(Bloomberg) -- BlackRock's "Core" branded U.S. ETF that's focused on Europe has been on a tear.
Assets invested in the $2.2 billion iShares Core MSCI Europe ETF (IEUR) have jumped 155% since December, the biggest increase among any U.S. product focused on the region. Assets in its larger competitor, the $12.2 billion Vanguard FTSE Europe ETF, which goes by the symbol VGK, grew about 14% over the same span.
Both funds have the same expense ratio and geographic allocation. But there are some tactical differences.

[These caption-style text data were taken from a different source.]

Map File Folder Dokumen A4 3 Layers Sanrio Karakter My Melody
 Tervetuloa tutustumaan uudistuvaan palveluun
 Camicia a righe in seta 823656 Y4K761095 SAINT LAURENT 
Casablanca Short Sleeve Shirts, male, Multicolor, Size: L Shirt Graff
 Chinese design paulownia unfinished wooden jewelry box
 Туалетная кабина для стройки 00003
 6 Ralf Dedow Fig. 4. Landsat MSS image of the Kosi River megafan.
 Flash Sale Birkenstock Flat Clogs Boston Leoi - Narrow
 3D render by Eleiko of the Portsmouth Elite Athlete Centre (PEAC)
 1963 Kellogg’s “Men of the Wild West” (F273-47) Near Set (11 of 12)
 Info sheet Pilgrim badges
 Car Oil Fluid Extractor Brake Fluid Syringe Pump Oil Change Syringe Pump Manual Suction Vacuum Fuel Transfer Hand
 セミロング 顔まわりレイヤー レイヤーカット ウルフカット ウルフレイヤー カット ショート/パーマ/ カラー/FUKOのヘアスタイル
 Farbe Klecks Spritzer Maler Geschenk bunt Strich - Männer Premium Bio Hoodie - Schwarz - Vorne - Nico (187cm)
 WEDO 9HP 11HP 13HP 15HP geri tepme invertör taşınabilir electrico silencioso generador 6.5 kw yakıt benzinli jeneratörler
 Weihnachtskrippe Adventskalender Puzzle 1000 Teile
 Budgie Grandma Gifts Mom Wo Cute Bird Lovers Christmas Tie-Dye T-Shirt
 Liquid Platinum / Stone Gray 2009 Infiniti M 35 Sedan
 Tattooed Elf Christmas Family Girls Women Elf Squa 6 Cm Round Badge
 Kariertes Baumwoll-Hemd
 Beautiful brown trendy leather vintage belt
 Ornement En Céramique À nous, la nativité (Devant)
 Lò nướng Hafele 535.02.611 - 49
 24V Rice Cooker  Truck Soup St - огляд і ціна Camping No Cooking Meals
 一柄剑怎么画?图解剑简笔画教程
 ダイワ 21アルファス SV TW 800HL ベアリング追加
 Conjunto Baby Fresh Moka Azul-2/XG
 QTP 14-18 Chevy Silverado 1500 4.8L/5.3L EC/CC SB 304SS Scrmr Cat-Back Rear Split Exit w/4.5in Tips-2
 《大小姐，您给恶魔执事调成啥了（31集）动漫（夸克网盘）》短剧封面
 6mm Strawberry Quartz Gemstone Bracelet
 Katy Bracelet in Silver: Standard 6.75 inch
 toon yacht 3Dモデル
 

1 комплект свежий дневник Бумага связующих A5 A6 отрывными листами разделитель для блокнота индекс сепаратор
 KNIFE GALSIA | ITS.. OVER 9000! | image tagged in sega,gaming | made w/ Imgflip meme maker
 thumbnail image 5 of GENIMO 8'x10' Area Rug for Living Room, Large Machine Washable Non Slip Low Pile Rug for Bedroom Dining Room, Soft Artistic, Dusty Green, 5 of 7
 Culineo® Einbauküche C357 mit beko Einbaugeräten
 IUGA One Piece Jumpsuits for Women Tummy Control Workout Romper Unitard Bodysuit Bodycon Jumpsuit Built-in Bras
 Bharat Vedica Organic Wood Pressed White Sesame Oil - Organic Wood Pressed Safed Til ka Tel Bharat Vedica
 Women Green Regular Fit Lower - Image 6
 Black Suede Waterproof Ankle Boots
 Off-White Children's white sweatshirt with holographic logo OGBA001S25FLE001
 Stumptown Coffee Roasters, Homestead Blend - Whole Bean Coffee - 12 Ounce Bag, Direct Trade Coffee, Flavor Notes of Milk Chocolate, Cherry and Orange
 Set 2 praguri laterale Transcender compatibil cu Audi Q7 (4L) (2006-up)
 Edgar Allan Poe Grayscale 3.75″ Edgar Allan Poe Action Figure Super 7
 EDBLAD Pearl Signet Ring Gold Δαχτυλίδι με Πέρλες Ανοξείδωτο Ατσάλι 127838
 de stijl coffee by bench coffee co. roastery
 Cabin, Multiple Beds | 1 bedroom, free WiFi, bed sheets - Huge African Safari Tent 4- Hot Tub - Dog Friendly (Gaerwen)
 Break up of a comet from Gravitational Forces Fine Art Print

The BlackRock fund is less liquid than the Vanguard one and has no options activity and little short interest, making it more appealing to buy-and-hold investors, according to Sebastian Mercado, a strategist for ETFs at Deutsche Bank. Meanwhile, the Vanguard ETF has a high level of liquidity, suggesting it's most likely used for tactical trades. Both funds are up 21% since December.
"IEUR is mostly a core asset allocation product, and it is highly owned by model portfolio providers," Mercado said. "My opinion is that as sentiment toward Europe has improved since last December, model portfolios have either added European exposure back or increased such exposure."
An improvement in corporate earnings, waning political risk and stronger economic growth encouraged firms from BlackRock to Deutsche Bank to Citigroup to upgrade European equities to overweight. IEUR grew by $533 million in March, the most on record, and $278 million in April, suggesting that the sentiment shift could last.
Still, booming asset growth doesn't necessarily mean an increasing number of investors are piling into the fund. Since March, IEUR's total shares outstanding have risen in just 10 days — and almost always by a relatively big percentage, data compiled by Bloomberg show. This suggests that a few investors have been increasing their allocations into the ETF in bulk.